Is NO sometimes better than YES?
My addiction cost me almost everything I had ever been given. I include family, friends, freedom, health, and, very nearly, my life.
People, places, and things that should have mattered had become commodities, used as a currency to feed both a drug addiction and a puffed-up ego.
Some professionals assert that the first word we learn as a child is ‘NO’, yet as we grow older it can be the most difficult word to use or to hear. For more than 20 years I have been in recovery, trying to follow Jesus the best I can, and I have found ‘NO’ to be both painful and, more importantly, liberating. On many occasions ‘NO’ has certainly saved me from heartbreak and setbacks.
Learning how to respond when the answer is NO.
It’s important we learn how to say NO to ourselves when appropriate, but just as important to learn how to accept NO from someone else. Train yourself to not take it personally. Remember, everyone hears the word NO.
I am learning to think more positively when I hear a NO and to recall that if my son only heard the word ‘yes’, he would become temperamental, insecure, and stubborn, just as I was in my addiction. I didn’t place proper value on anything.
We have very fragile egos, so hearing NO can provoke a reaction rather than a considered response. Instead, let a NO provoke a desire to achieve more, to develop confidence and character and to identify your place in God’s wonderful plan.
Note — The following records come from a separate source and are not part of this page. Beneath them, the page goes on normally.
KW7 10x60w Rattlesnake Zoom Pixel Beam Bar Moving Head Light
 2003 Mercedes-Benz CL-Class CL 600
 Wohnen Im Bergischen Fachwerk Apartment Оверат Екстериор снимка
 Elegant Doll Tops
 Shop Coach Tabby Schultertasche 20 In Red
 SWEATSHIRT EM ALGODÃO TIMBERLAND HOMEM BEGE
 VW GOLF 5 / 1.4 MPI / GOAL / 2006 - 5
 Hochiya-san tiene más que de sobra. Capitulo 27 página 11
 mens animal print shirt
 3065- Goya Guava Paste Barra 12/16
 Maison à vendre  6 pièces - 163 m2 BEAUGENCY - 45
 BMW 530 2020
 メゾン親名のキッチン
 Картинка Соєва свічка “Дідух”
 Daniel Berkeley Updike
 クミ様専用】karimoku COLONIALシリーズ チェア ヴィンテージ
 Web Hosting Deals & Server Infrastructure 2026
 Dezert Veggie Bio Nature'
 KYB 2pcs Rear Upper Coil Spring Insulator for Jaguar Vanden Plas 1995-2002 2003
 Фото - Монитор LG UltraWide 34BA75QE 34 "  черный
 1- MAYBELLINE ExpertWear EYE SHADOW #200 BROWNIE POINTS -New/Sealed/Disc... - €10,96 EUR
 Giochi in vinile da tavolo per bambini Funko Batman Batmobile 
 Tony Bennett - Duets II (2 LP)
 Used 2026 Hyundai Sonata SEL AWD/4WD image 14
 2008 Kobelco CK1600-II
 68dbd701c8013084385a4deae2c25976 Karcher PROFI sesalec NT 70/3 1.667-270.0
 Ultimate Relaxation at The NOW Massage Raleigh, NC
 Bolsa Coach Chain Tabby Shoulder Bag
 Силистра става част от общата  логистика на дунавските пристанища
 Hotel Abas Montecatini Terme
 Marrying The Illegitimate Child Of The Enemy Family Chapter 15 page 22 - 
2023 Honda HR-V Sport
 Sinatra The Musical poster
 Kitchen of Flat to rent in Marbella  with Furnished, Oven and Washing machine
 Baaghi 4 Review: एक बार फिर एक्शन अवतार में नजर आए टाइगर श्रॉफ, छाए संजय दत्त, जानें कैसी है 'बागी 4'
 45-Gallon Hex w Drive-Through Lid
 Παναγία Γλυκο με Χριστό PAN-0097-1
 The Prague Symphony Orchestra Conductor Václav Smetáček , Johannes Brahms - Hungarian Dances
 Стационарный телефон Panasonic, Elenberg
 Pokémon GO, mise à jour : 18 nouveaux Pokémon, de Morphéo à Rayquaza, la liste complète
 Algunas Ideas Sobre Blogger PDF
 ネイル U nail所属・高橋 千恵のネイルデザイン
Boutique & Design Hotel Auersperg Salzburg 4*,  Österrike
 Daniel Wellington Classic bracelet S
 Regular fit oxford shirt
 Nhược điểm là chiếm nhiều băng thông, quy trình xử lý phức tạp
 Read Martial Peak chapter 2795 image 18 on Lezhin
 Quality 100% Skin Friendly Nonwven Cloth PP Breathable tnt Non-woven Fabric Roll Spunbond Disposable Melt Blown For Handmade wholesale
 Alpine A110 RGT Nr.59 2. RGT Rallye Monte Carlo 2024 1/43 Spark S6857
Do not conform to the pattern of this world but be transformed by the renewing of your mind. Then you will be able to test and approve what God’s will is – his good, pleasing, and perfect will. (Romans 12:2)
Learning how to say NO.
Saying NO has helped me with social anxiety, overcoming my fear that I might not be included, the fear of rejection. Using the word NO has helped me to understand, and to set, my personal and professional boundaries. I need to communicate carefully, but when I do, I am not responsible for how a person feels or behaves when I need to use the word NO. We grow in character and maturity when we learn to use the word NO wisely.
NO is such a short word but can be so difficult to put into practice in our everyday lives!
When I am willing to learn from a NO, my personal journey only gets better. I have the privilege of helping to release the gifting and potential in others and have come to see how true this is for all of us!
David JJ Crowther
David, a former heroin addict and dealer from Royton, Greater Manchester, decided, in 1998, that enough was enough. He has been committed to sharing his experiences in drug and alcohol residential homes for the last 20 years. He is currently the Operations Manager at the Walk, in Stoke-on-Trent.